**Directions for this task**
The answer must consist solely of the lines from the start of the records through the line containing "السعر 36 بيها مجال بسيط", restated word for word, with no pictures.

**Scraped caption text data**
:::

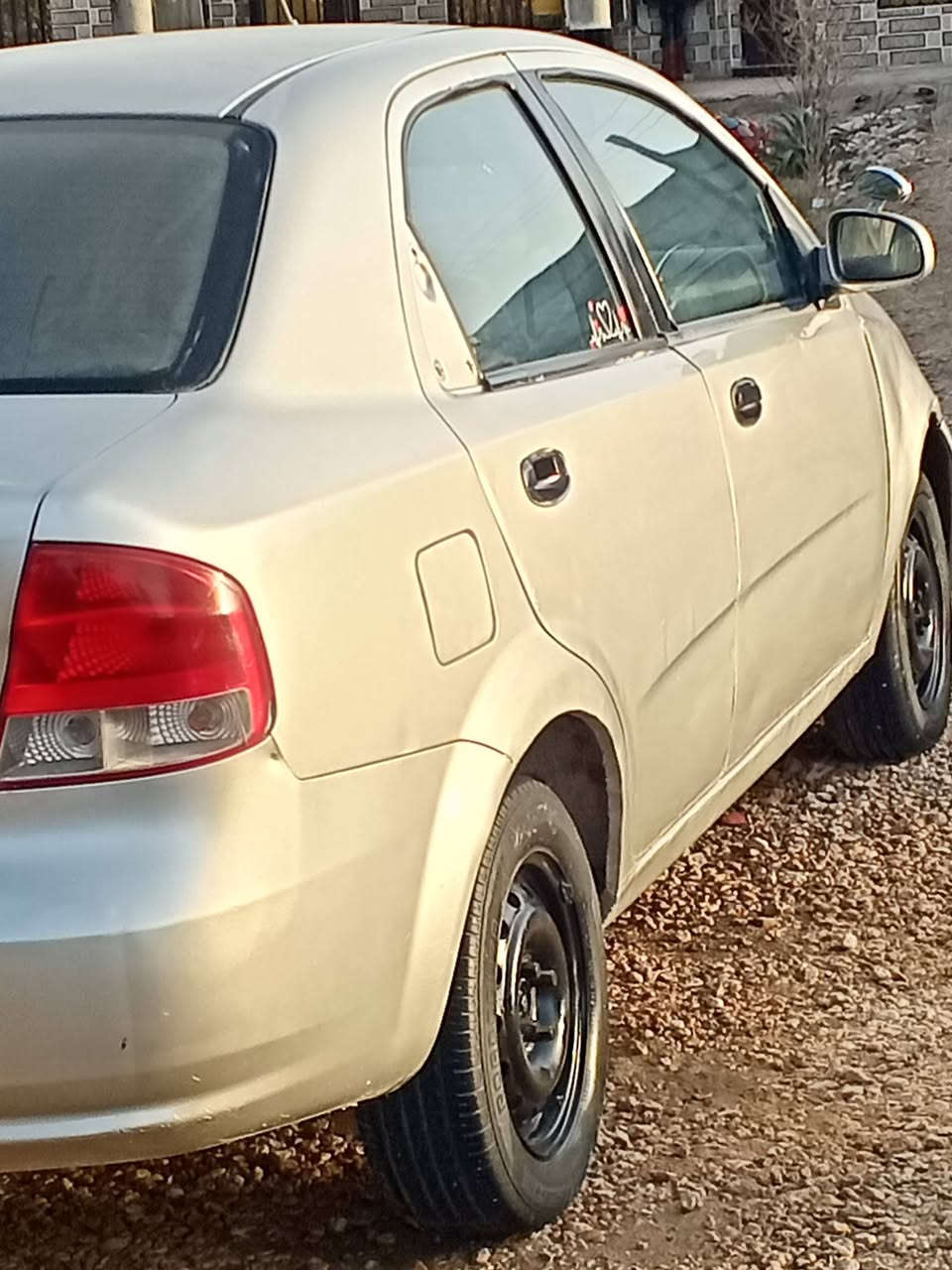 سلام عليكم افيو  خليجي مديل 2005 سياره مصبوغه جماليه فقط  
رقمها بابل  سنويه 27  كفاله من  الكص   كهربئيات كله شغاله 
حداديه  امامي خليفه جديدة   تخم تاير جديد  سياره مال  جناي 
محرك  مفتوح  1600
كير اوتوماتيك 
بيها ضربه بلبچم امامي 
السعر 36 بيها مجال بسيط 
مكان بابل  محاويل 
الاستفسار ***********. ***********
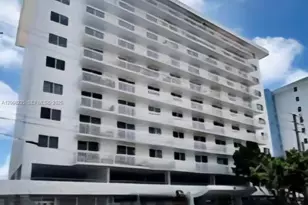 401 Ocean Dr, Miami Beach, FL 33139 - Photo 21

:::

**Answer to this problem**
 سلام عليكم افيو  خليجي مديل 2005 سياره مصبوغه جماليه فقط  
رقمها بابل  سنويه 27  كفاله من  الكص   كهربئيات كله شغاله 
حداديه  امامي خليفه جديدة   تخم تاير جديد  سياره مال  جناي 
محرك  مفتوح  1600
كير اوتوماتيك 
بيها ضربه بلبچم امامي 
السعر 36 بيها مجال بسيط 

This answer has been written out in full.